**TASK DATA**
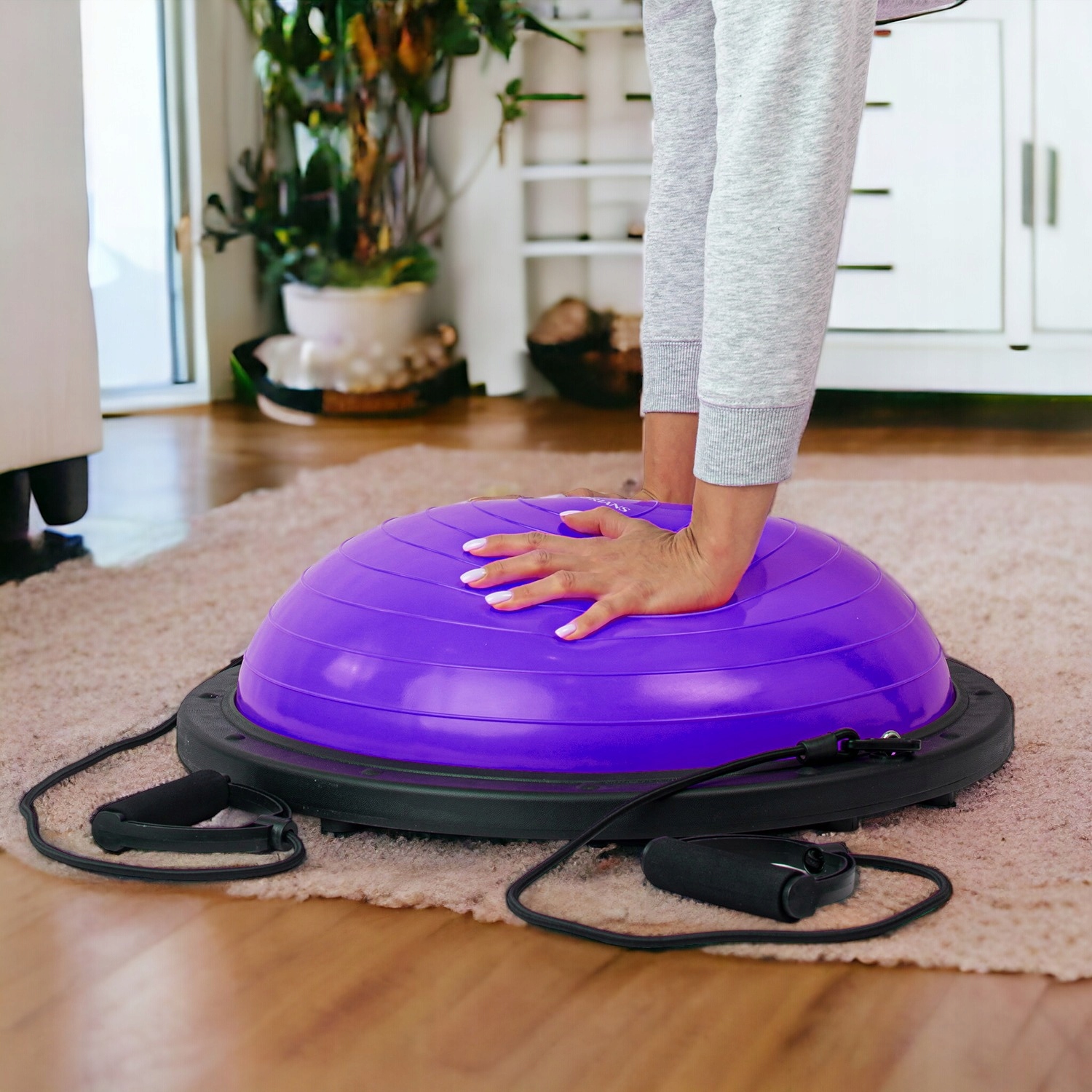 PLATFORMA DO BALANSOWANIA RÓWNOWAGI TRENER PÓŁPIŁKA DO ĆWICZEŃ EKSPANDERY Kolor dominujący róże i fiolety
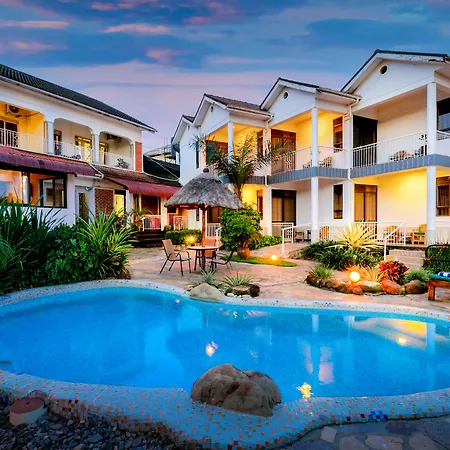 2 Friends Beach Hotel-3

...

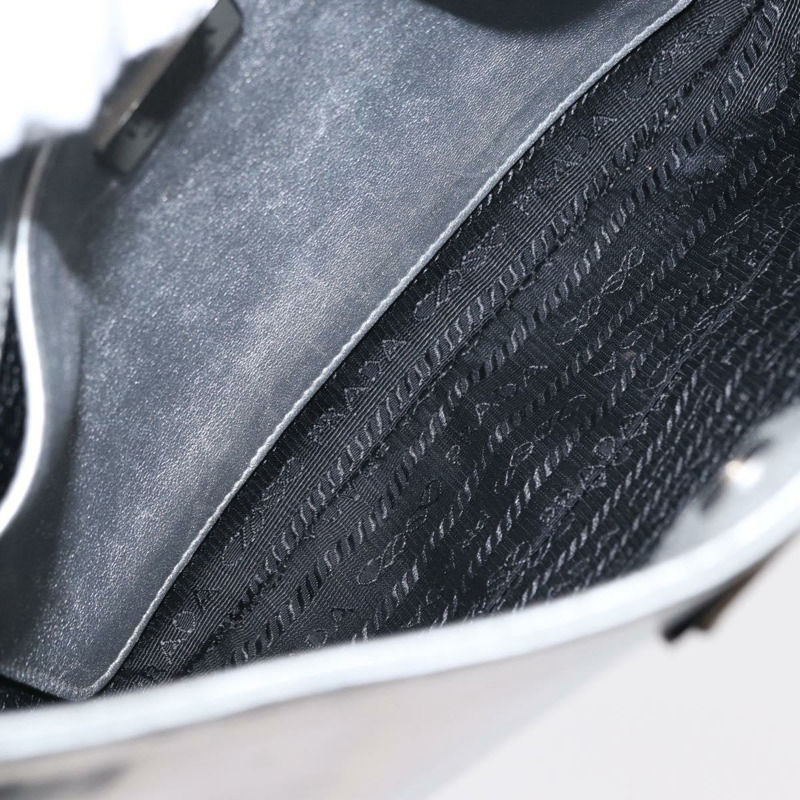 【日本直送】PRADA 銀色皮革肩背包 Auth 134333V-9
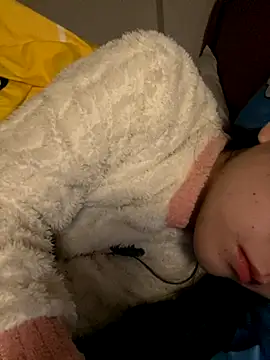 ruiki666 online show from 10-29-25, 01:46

**WHAT TO WORK ON**
Transcribe, word for word, the lines of the listing above from the one that contains "銀色皮革肩背包 Auth 134333V-9" through the one that contains "ruiki666 online show from 10-29-25, 01:46", keeping both ends and dropping the pictures.

**OUTPUT BELOW**
 【日本直送】PRADA 銀色皮革肩背包 Auth 134333V-9
 ruiki666 online show from 10-29-25, 01:46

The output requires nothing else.